Provided entries:
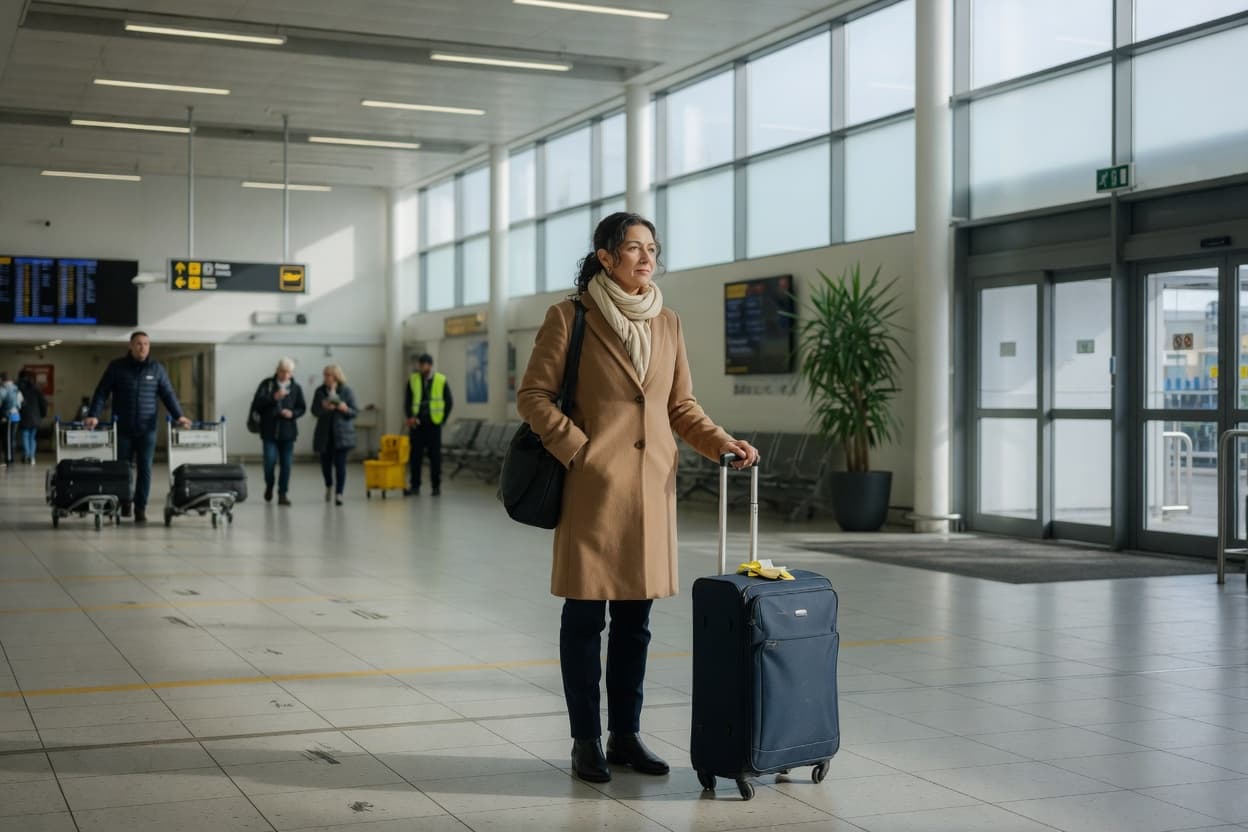 A woman travelling alone with her suitcase in an airport arrivals hall
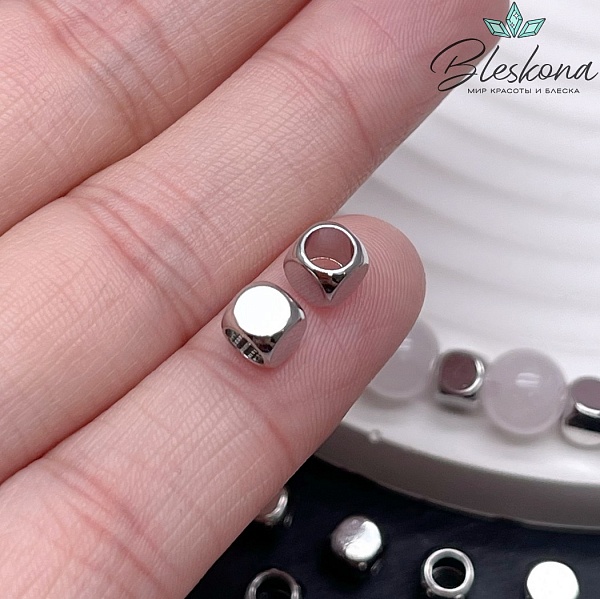 5 мм Цвет серебро, Бусина куб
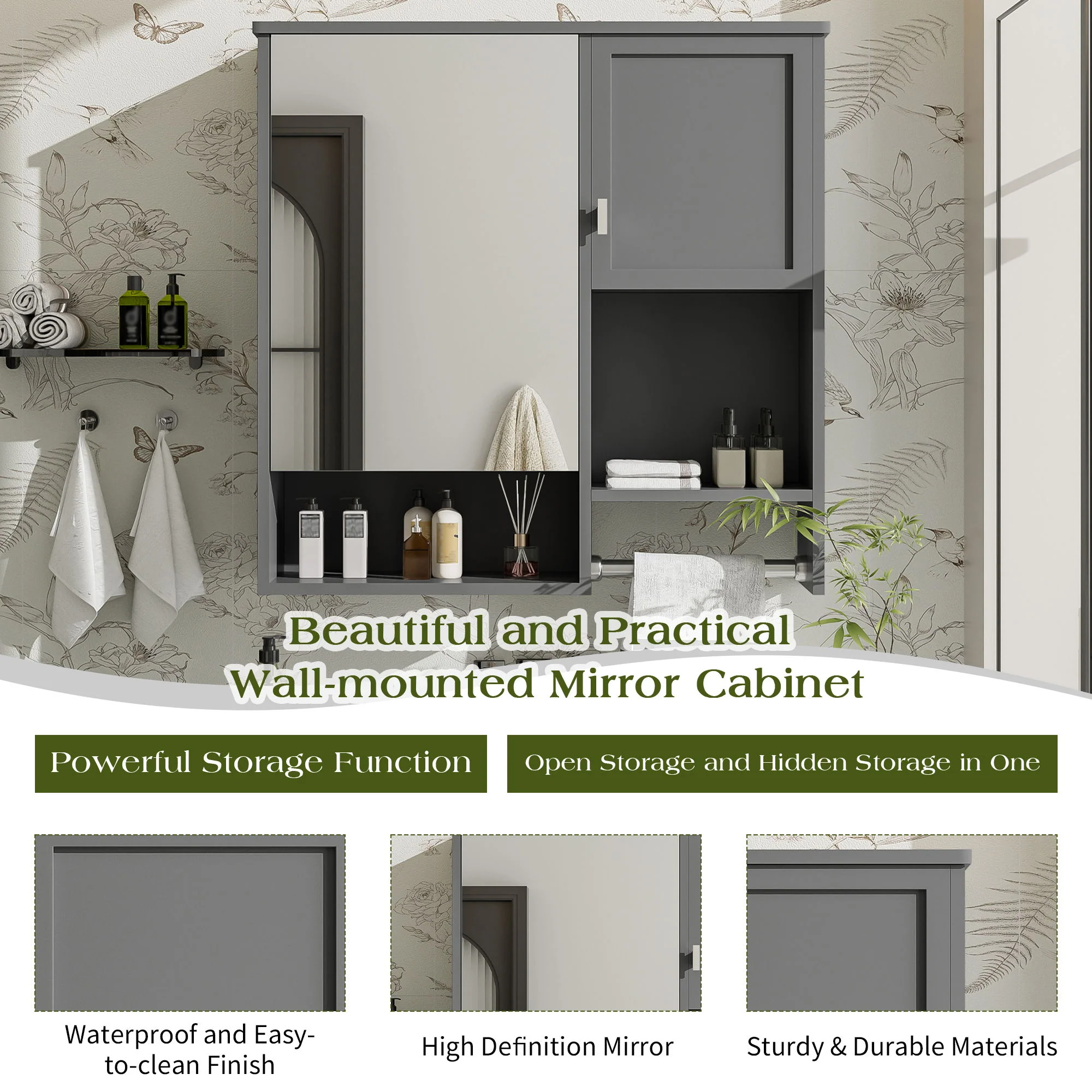 Modern Wall Mounted Bathroom Medicine Cabinet, Bathroom Wall Storage Cabinet With Mirror - Image 18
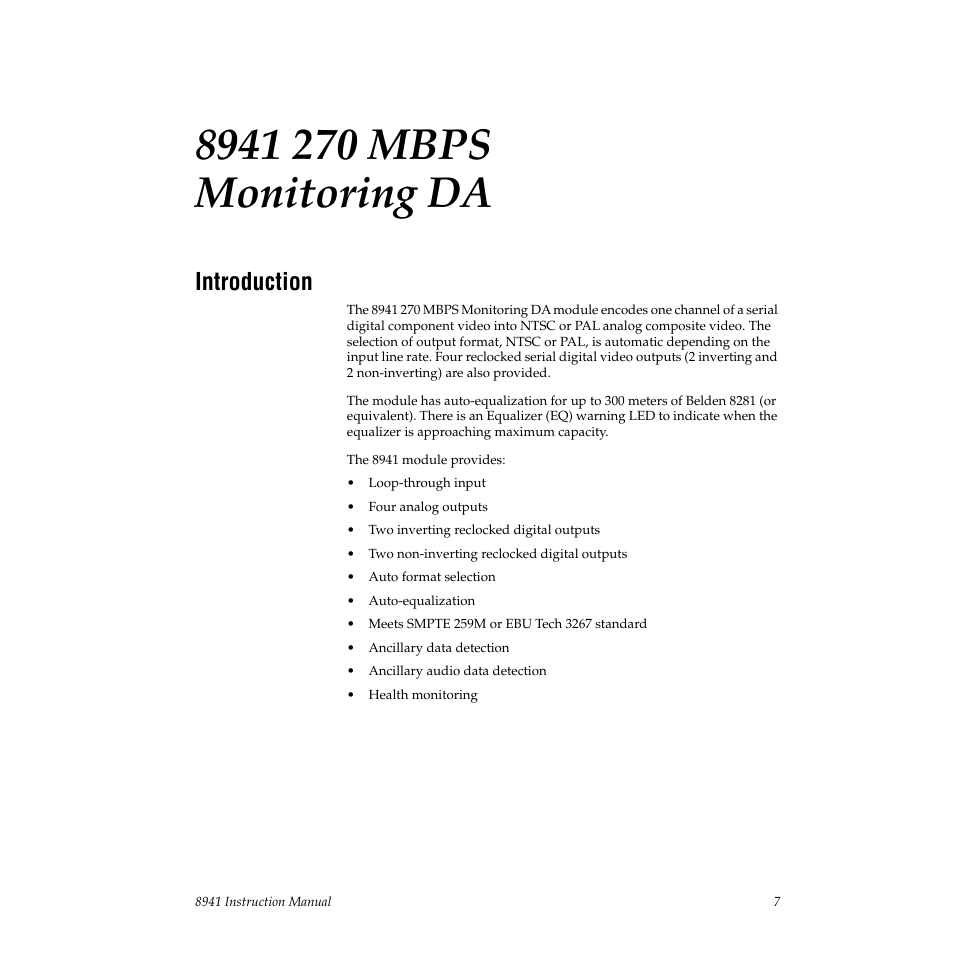 8941 270 mbps monitoring da, Introduction | Grass Valley 8941 User Manual | Page 7 / 22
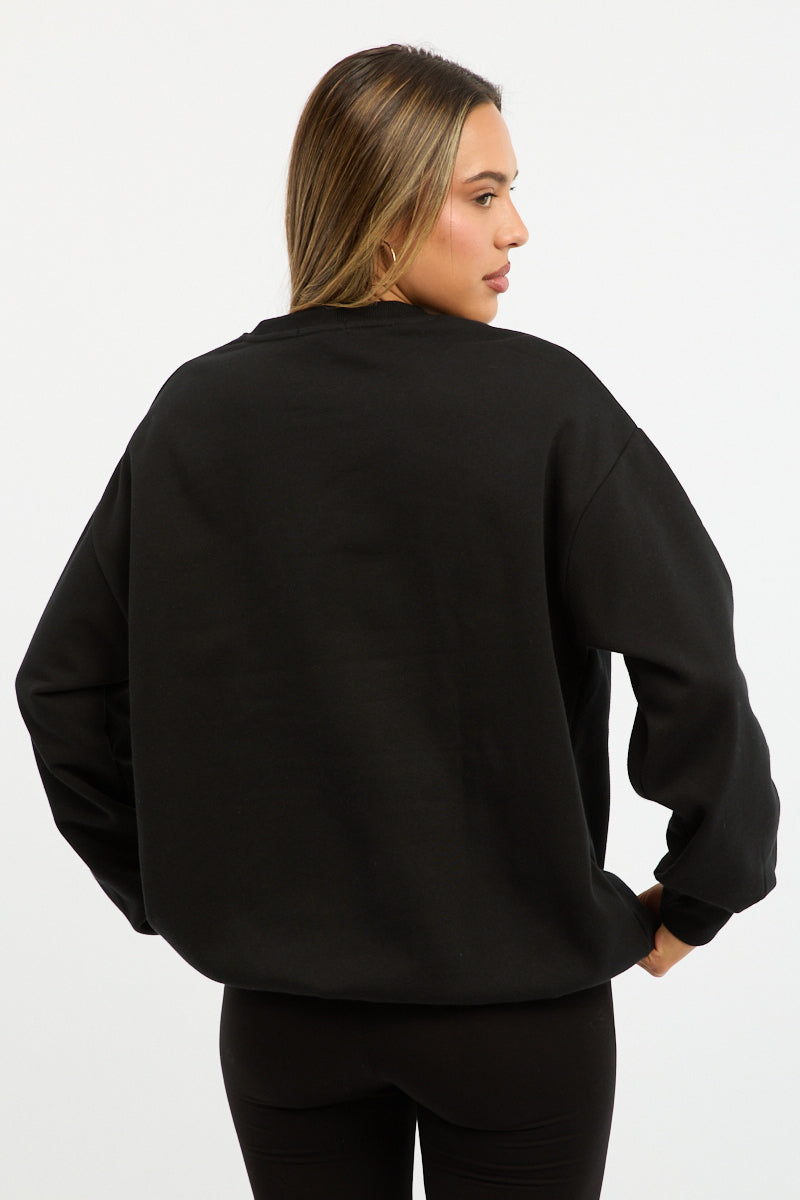 Black Graphic Sweater Long Sleeve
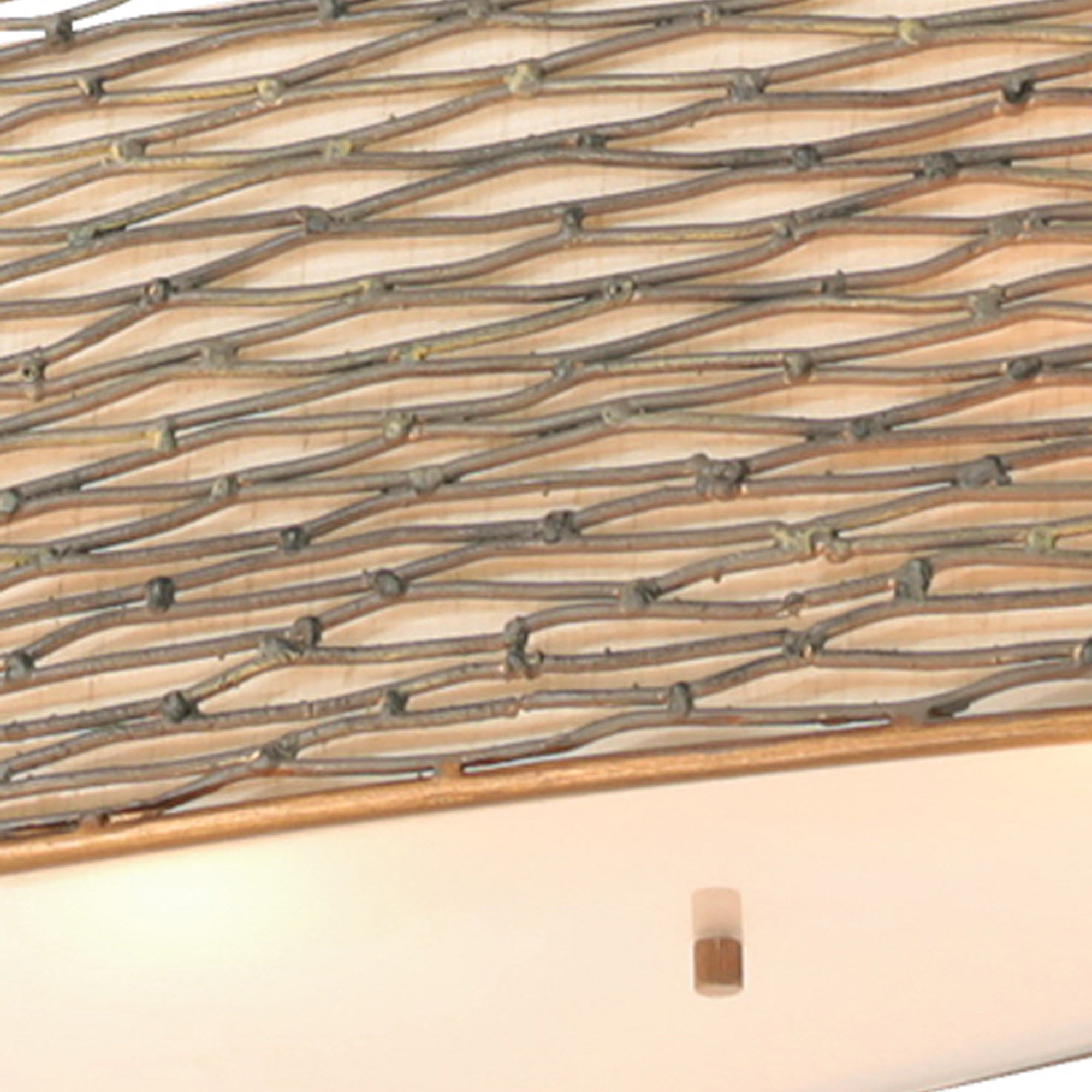 Flow 6 Light Oval Linear Pendant w/Fabric Shade - Hammered Ore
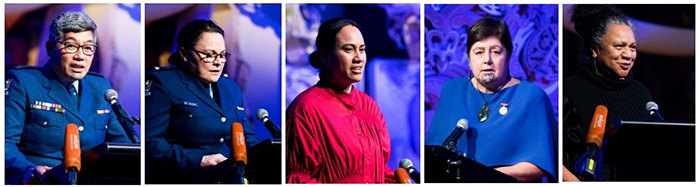 Addressing the launch are, from left: advisors and MCs Inspectors Whiti Timutimu and Erin Sykes-Hurley; Paula Hill, Prue Kapua; and Kath Akuhata-Brown.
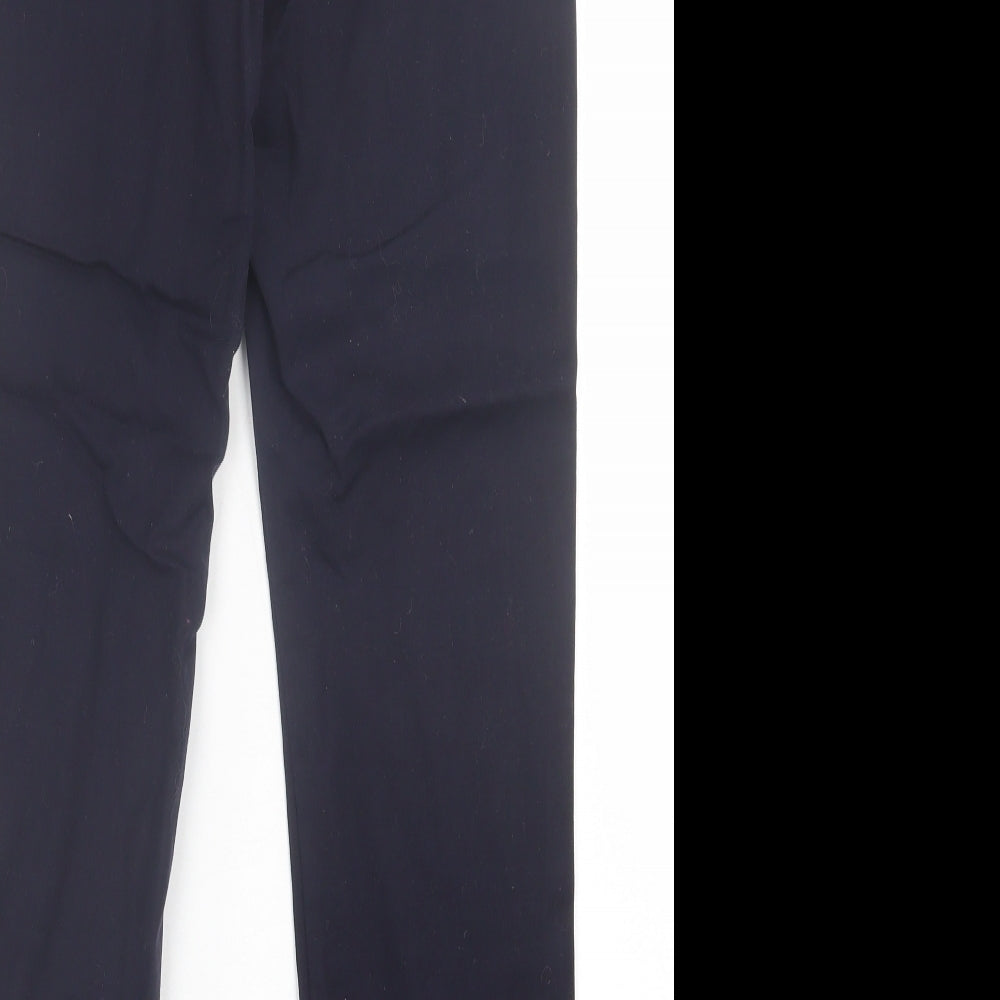 Mango Womens Blue  Cotton Capri Trousers Size 10 L28 in Regular Hook & Eye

Your assignment:
Using the records above, extract exactly and only the lines from the one with "Modern Wall Mounted" through the final line, inclusive, leaving out pictures.

Written solution:
 Modern Wall Mounted Bathroom Medicine Cabinet, Bathroom Wall Storage Cabinet With Mirror - Image 18
 8941 270 mbps monitoring da, Introduction | Grass Valley 8941 User Manual | Page 7 / 22
 Black Graphic Sweater Long Sleeve
 Flow 6 Light Oval Linear Pendant w/Fabric Shade - Hammered Ore
 Addressing the launch are, from left: advisors and MCs Inspectors Whiti Timutimu and Erin Sykes-Hurley; Paula Hill, Prue Kapua; and Kath Akuhata-Brown.
 Mango Womens Blue  Cotton Capri Trousers Size 10 L28 in Regular Hook & Eye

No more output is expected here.